I have a bit of a problem at the moment, well, since I got here, in that I cannot use my American Visa card to purchase items on the Internet.

Each time I go to a web-site and have entered all the selections I want - colour, size, mailing address, billing address, card number, expiry date, those three little numbers on the back, orientation, religious preference - I sometimes get a box saying “This site is verified by Visa”, which then presents me with another set of boxes whereby I have to enter all sorts of extra data, as a further layer of security, which includes my Social Security Number.

Unfortunately, this means that the security is now so high that even I, as a lazy ex-pat spouse who does not have a SSN, cannot use my credit card over the Internet.

This screen has both the Wells Fargo (my bank) and the Visa symbols on there, indicating that it is with some sort of mutual agreement with those two institutions.

However, I have now spent:

1) 1 hr on the phone to Wells Fargo, who eventually said they couldn’t help me as I could neither recite the last 397 transactions verbatim, nor did I know my maternal great-grand-father’s favourite pig’s name.

2) 1 hr in Wells Fargo (with extra ID) who said “It’s to do with the people who are selling you stuff on the Internet, nothing to do with us”.

3) 30 mins talking to a nice lady called Eileen in the hamper shop in the UK, that she’d never heard that before love, and what time is it there, then?

4) 10 mins talking to Wells Fargo, who put me through to their Visa department….

5) Who put me back through to Wells Fargo….

6) Who put me through to Rita, the cleaning-lady, I think…

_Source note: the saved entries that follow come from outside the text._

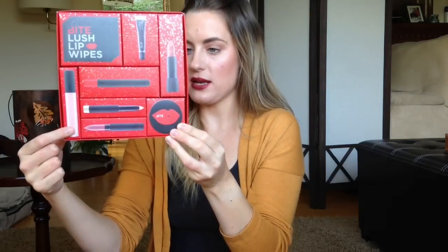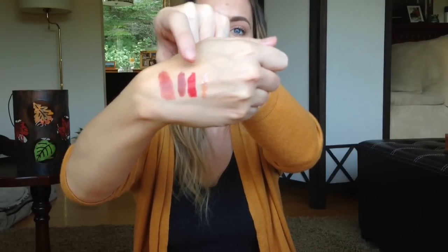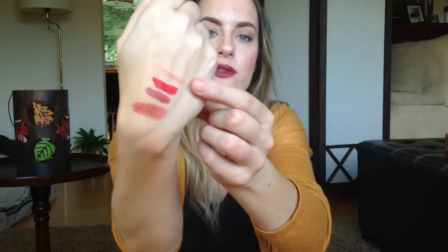And then you also get the full size gloss in the shade Honey. So here are the swatches: the luminous cream lipstick in Pepper, the matte lip crayon in Glass Egg, the lip pencil in Pomegranate — I cannot wait to wear that for the holidays, it's beautiful — and then the nude gloss called Honey. There's not a ton of pigment in that one, but they are beautiful glosses. For $54 Canadian, I was super happy with this.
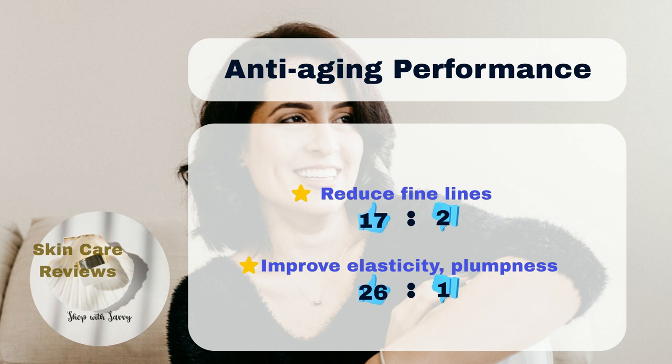This cream is also good at reducing fine lines, with 17% saying it works and only 2% saying it doesn't. Many more users — 26% to be exact — feel that it makes their skin texture better.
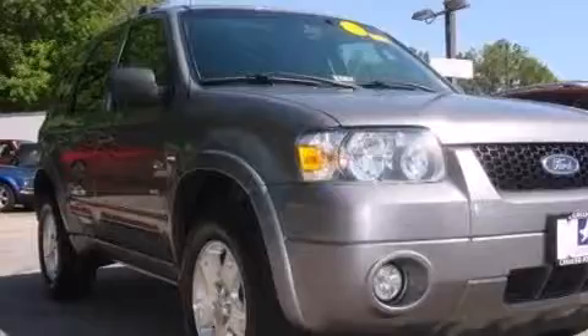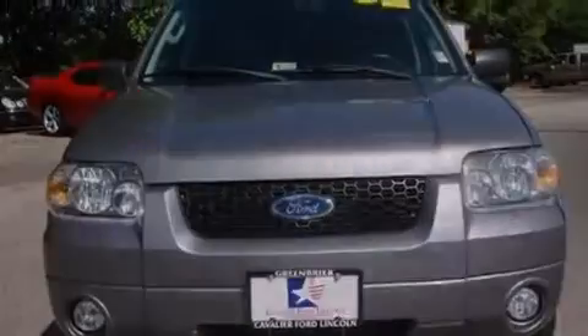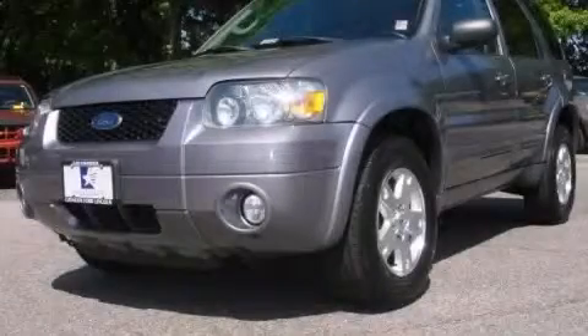A rear window defroster. And a sunroof enables you to fill the cabin with fresh air at the push of a button. Stop by today and test drive this automobile for yourself.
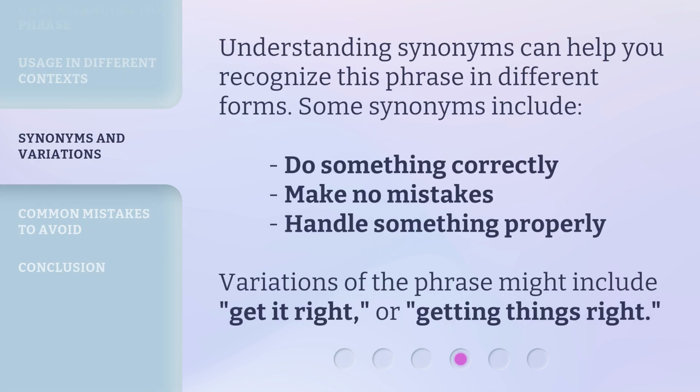Understanding synonyms can help you recognize this phrase in different forms. Some synonyms include: 'do something correctly,' 'make no mistakes,' 'handle something properly.' Variations of the phrase might include 'get it right' or 'getting things right.'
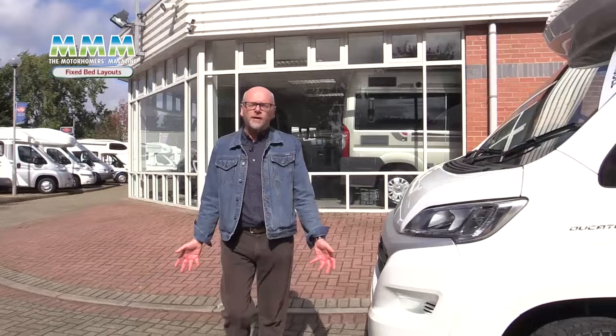Hi, I'm Dave Hurrell and I'm here at Marquess Motorhomes Billingley in Northampton to help you choose your ideal fixed bed motorhome. There are several very popular layouts and they all offer something different. So let's go and take a look.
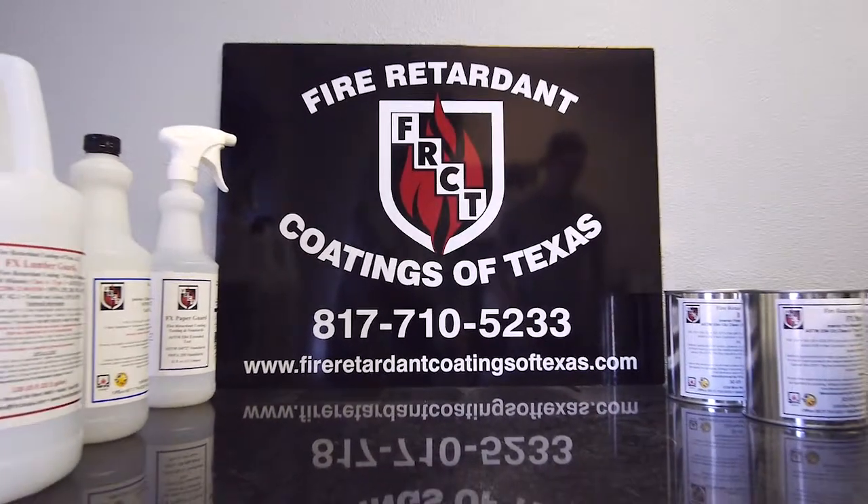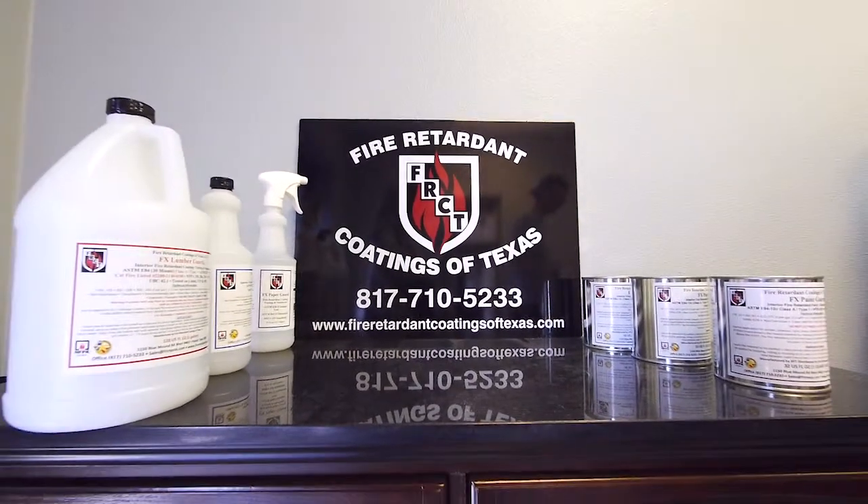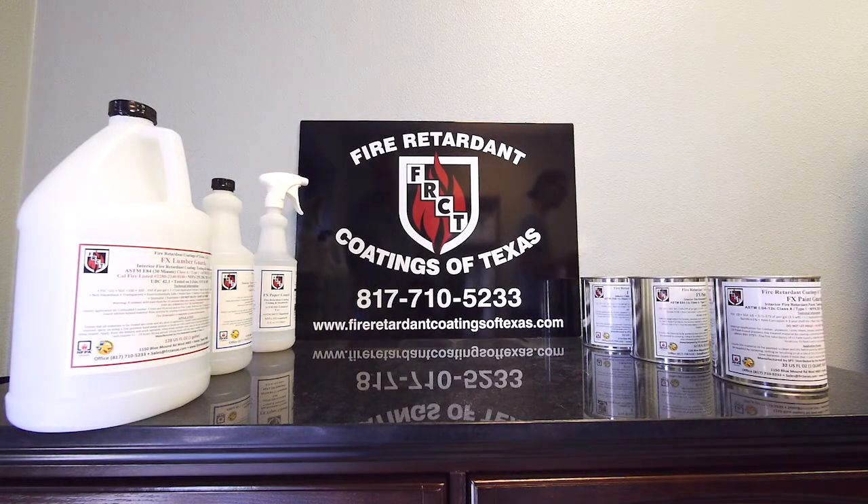Fire Retardant Coatings of Texas — we manufacture fire retardant products for commercial and residential use. We have a lot of cities in the United States that have approved our products for different applications.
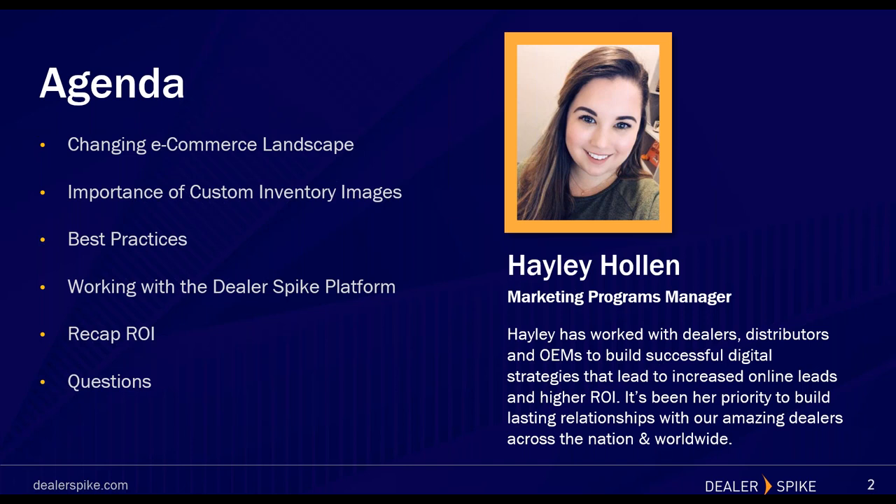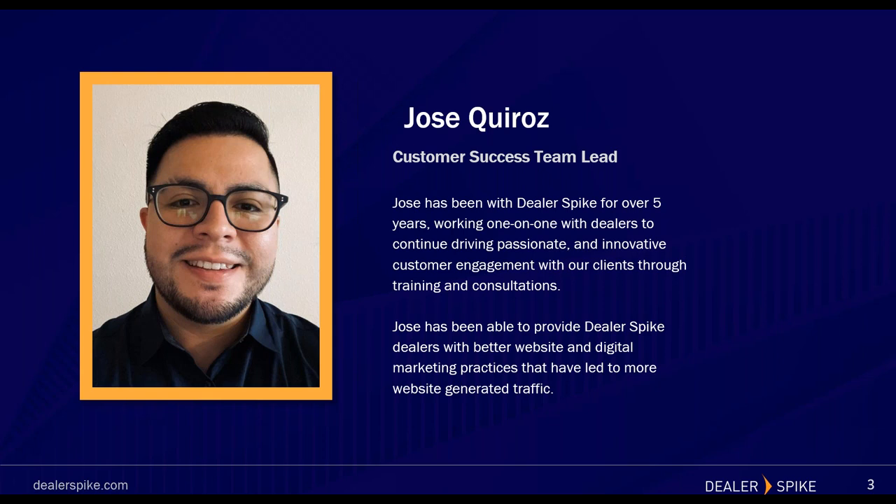Today we'll be covering how the e-commerce landscape has changed and will continue to change, inventory best practices, and a recap with Q&A. I'm excited to be joined by one of our senior customer success team leads, Jose. Jose, why don't you introduce yourself? My name is Jose, I'm a customer success team lead here at Dealer Spike. In total I've worked with Dealer Spike for over five years and I'm excited to share ways you can take better quality photos that lead to higher page views and more opportunities to close new leads.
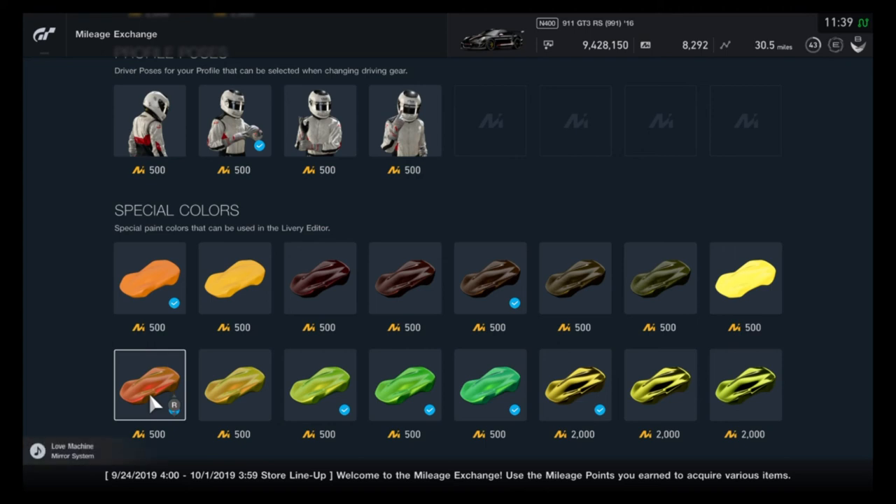There you have it — that's this week's mileage exchange items. If you have any questions, suggestions, or comments, feel free to leave them in the section below. Thanks again for watching. Please be sure to subscribe and hit the like button if the video helped you in the least bit.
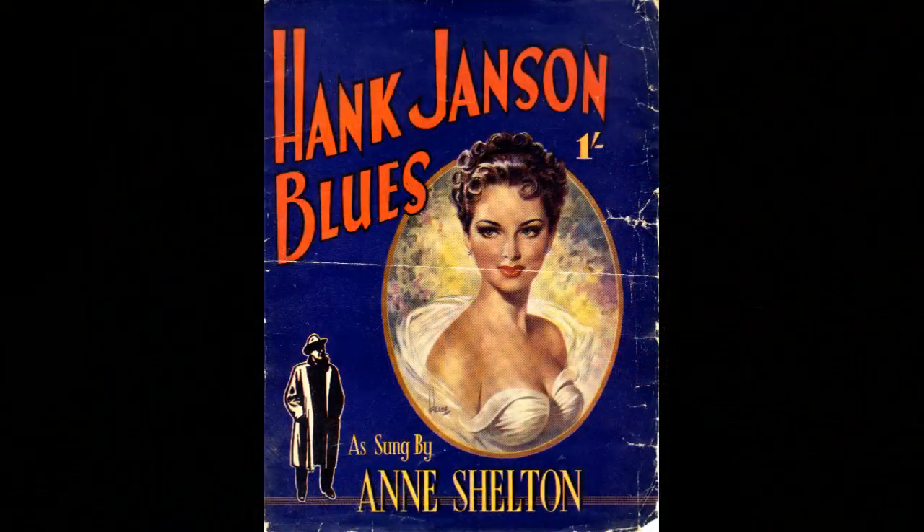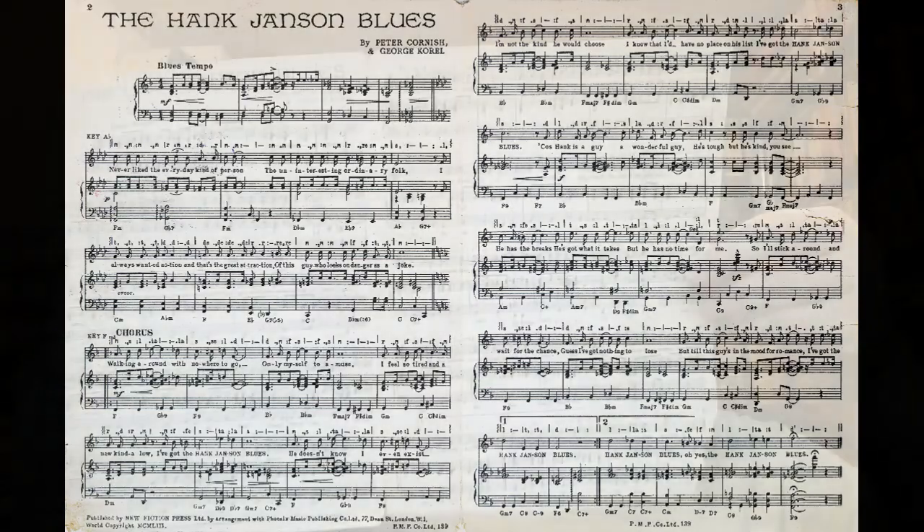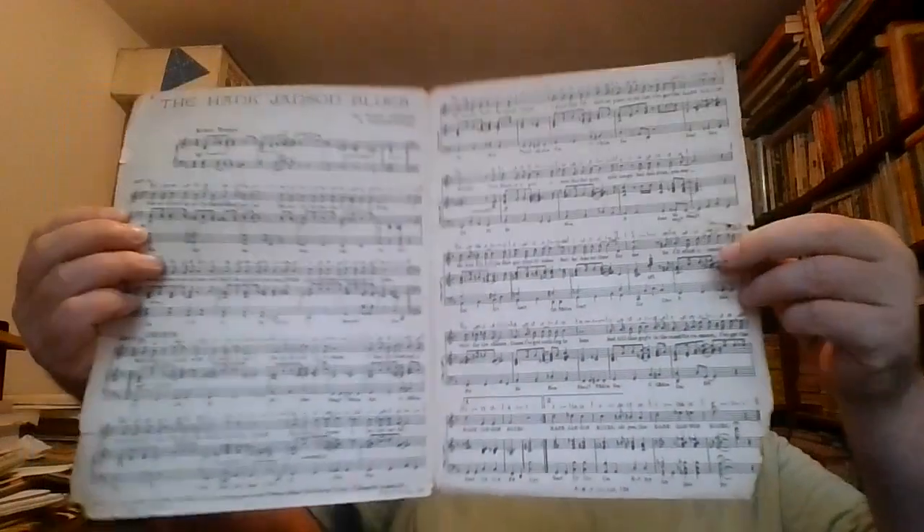The one I do like, and I'm very proud to have, is the Hank Janssen Blues music sheet, with a lovely cover — with a ghastly crease right across the middle of it. Shelton did the song, the Hank Janssen Blues, with lyrics by Peter Cornish and George Correll did the music. You hear a little clip of the Hank Janssen Blues introducing each video — I just thought it was the most apt thing I could think of to use as a piece of music. I can only use a tiny clip; the song itself is only about three minutes long, and if you dig around Spotify you can hear the whole thing.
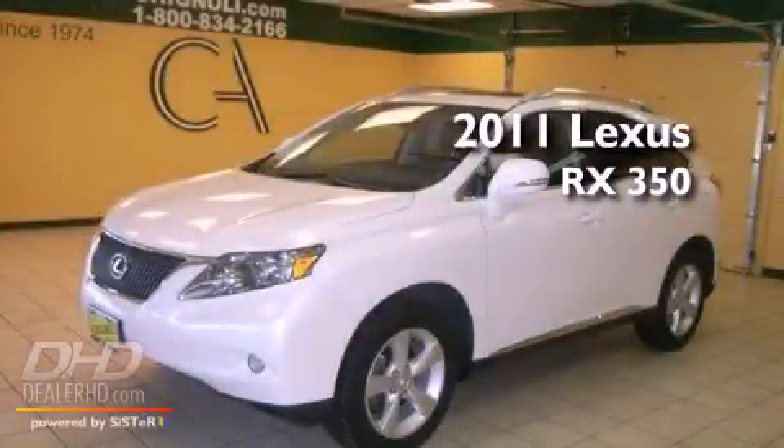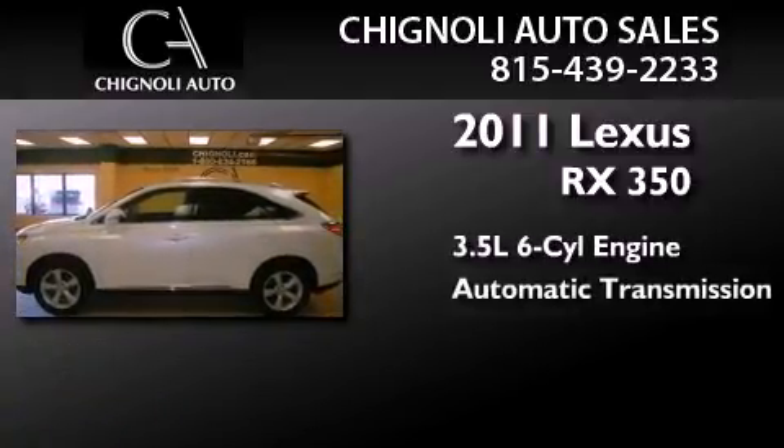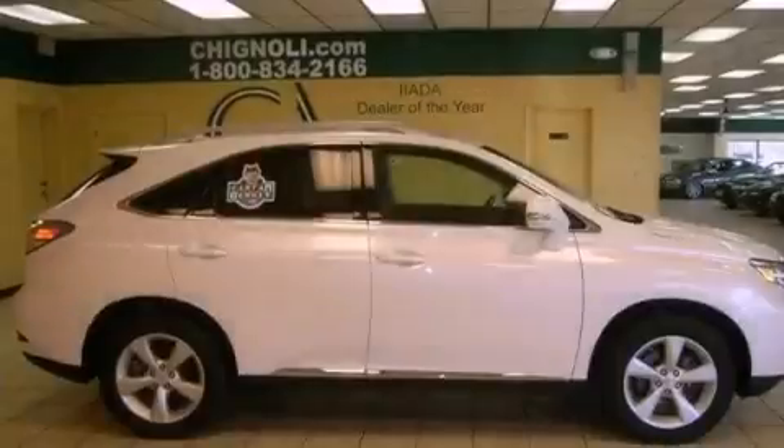This is a 2011 Lexus RX 350. It has a 3.5-liter six-cylinder engine, an automatic transmission, and all-wheel drive.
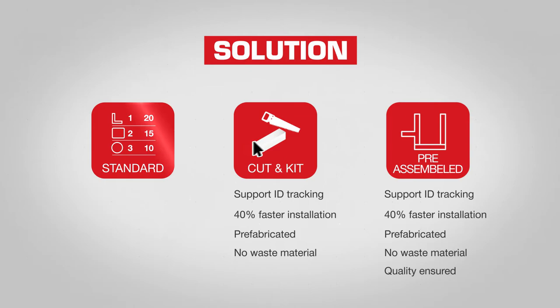We provide cutting, kitting and pre-assembly services to reduce project schedule and ensure minimum on-site time.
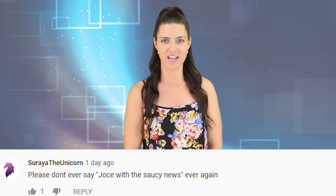Show us some love and hit that thumbs up button if you liked today's story, and show this man some love down in the comments below — what a trooper. I'm going to end the video by responding to some comments from my last IO video, 'Girls Lips Swollen for Days After Attempting Kylie Jenner Challenge.' Soraya the Unicorn says: please don't ever say 'Joss with the saucy news' ever again. It's actually 'Jossy with the saucy' — get it right.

7) Who put me back to someone else at Wells Fargo who said “Really, I don’t know what you’re talking about, it’s definitely nothing to do with Wells Fargo, but I’ll put you through to the Visa department”;

8) 1 hr talking to the Visa department who got a bit huffy “You keep interrupting me Madam”, when I tried to explain to them that the credit card was not fit for purpose. She said that there was nothing I could do about it and her solution was that I could always phone up the company I was ordering from, but obviously not after 1pm if it’s in the UK due to the time difference, and I’m not sure whether I could actually be that bothered doing stuff over the phone when there are, allegedly, easier ways of purchasing an item.

Even if she made a note, she said, nobody would get back to me (because by this time she hated me).

She then put me through to Visa, who, after a rather jaunty Irish jig, cut me off.

9) I then sent a snippy e-mail to Visa, whose contact details (rather understandably) are extremely difficult to find on their web-site, who responded thus:

“When activating VbV or using a password to shop online, the cardholder is always interacting directly with his issuer, not Visa.

As many Visa card issuers have a Verified by Visa area on their website, you may wish to search for it. If you are not able to locate a Verified by Visa area on the website, please contact a Supervisor or Manager at the Verified by Visa Customer Service (a.k.a. EBusiness) Area at your Visa card issuer to request alternative options to the Social Security Number requirement. Your Visa card issuer contact information can be found on the back of your Visa card, on your Visa card statement or via their website. The local branch office will not be able to assist with this.”

Meaning that Wells Fargo, if they could just bring that careering carriage under control for just one instant, might be able to say “Hey, we are an international company. Any chance of an NI number instead?”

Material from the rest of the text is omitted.